Attempts at combining hardboiled action with reflective and emotional scenes are only fitfully effective. At times, it's as if we're watching two different movies stitched together. In one, Doug and the gang are pitting their wits against the equally brutal and unscrupulous FBI special agent Frawley (played by Jon Hamm of Mad Men fame). In the other, we're in the realm of soulful romantic drama as Doug, somewhat improbably, woos the beautiful bank manager Claire Keesey (Rebecca Hall), whom his gang had briefly taken hostage. Between the many shoot-outs and car chases, all staged with plenty of élan, are ponderous scenes showing Claire digging away at her allotment.

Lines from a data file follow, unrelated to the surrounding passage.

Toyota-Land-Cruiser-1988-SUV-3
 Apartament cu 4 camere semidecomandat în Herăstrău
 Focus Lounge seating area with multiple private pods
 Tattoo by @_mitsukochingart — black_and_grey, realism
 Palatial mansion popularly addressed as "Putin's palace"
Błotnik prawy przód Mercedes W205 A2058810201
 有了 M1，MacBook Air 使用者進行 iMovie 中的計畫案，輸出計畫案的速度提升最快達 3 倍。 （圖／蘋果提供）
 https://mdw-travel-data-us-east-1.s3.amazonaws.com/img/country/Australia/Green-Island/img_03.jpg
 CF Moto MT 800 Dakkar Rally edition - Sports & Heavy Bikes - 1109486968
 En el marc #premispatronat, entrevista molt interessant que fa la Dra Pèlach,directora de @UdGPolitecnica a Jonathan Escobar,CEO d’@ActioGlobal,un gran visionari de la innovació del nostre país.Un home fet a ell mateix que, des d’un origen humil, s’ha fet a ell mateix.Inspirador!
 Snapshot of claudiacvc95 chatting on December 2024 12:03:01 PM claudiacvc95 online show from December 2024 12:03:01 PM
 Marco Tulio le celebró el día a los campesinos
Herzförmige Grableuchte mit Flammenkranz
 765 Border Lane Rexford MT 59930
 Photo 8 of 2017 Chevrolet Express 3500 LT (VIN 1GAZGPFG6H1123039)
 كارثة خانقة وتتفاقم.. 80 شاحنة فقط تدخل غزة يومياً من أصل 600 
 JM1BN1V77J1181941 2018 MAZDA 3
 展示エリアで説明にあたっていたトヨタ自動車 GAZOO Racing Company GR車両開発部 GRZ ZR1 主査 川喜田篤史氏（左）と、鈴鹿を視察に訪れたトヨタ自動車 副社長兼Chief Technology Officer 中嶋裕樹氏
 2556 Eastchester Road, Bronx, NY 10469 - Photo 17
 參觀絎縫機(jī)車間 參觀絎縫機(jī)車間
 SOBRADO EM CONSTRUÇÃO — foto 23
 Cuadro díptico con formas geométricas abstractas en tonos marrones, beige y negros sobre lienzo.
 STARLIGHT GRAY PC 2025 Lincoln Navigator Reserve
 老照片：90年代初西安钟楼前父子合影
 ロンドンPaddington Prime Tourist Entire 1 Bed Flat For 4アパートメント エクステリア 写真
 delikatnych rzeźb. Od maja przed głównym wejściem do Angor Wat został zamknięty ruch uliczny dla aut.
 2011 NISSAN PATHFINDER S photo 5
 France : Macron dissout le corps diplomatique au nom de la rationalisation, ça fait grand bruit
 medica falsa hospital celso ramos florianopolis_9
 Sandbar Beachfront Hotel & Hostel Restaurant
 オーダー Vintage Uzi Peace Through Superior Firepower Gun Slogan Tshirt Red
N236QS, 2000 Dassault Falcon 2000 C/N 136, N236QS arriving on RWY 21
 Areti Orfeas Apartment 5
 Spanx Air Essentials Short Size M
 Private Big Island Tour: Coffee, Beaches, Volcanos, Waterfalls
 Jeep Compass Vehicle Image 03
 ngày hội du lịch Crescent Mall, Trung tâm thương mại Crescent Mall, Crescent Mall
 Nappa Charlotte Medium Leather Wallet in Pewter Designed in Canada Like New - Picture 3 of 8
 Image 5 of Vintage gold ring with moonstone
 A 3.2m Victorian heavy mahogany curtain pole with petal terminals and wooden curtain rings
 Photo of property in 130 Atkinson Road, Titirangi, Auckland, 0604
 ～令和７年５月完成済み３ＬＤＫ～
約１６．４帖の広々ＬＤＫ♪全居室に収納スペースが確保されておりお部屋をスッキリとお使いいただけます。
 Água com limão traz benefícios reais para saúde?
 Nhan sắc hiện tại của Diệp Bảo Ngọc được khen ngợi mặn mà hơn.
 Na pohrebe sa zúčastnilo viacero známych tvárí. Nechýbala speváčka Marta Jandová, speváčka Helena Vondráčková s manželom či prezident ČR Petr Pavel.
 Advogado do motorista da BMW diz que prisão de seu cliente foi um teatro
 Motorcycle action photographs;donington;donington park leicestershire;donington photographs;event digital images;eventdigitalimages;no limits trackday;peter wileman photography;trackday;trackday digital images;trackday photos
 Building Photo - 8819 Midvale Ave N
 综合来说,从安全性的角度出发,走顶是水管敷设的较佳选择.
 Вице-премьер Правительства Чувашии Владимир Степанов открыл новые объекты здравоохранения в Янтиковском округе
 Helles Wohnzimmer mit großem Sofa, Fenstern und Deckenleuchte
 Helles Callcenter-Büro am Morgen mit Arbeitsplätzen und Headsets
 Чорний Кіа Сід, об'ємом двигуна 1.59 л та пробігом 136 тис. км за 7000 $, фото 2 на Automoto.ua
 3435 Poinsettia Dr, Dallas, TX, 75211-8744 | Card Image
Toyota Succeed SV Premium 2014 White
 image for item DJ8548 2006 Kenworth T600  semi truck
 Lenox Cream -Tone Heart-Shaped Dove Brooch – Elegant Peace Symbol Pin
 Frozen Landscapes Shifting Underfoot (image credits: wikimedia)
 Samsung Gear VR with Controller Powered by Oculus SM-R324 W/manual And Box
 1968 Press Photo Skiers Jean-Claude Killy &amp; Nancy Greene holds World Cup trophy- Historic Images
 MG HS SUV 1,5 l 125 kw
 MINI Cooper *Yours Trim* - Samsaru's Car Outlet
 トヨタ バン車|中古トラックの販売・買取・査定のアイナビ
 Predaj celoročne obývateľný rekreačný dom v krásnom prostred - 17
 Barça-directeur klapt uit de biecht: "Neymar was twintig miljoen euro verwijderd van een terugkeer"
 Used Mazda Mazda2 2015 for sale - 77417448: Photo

What is admirable about The Town is the attention to detail. Every character has a back story. Jeremy Renner (who excelled as the bomb-disposal expert in The Hurt Locker) is in typically febrile mode as Doug's childhood friend and henchman, Jem, a borderline psychotic who nonetheless has a sensitive side.

There are two tremendous cameos. Chris Cooper excels as Doug's father, Stephen MacRay. Languishing behind bars in a maximum-security prison, Stephen is an embittered and taciturn figure fighting to maintain his dignity. Equally striking is British actor Pete Postlethwaite as "the florist", the vicious criminal mastermind who oversees every heist.

At its best, The Town rekindles memories of those 70s American thrillers like Serpico or Charley Varrick in which characterisation was as important as action. However, the storytelling is often undermined by posturing, macho dialogue.

Based on Chuck Hogan's novel Prince of Thieves, the film suffers from the same identity crisis as its vacillating lead character. Just as Doug can't decide whether he's a tough guy or a sensitive, introspective type, the film-makers seem uncertain what tone they're trying to strike. The juxtaposition of romantic scenes and big set-pieces is often disconcerting. Although Affleck elicits some very strong performances and shows a flair for filming action, what The Town ultimately lacks is a sense of where it is going or why. Affleck has clearly tried to put a personal imprint on his material and to make his second feature more than just another cops-and-robbers movie. It is hard, though, to transcend a storyline that is quite so routine.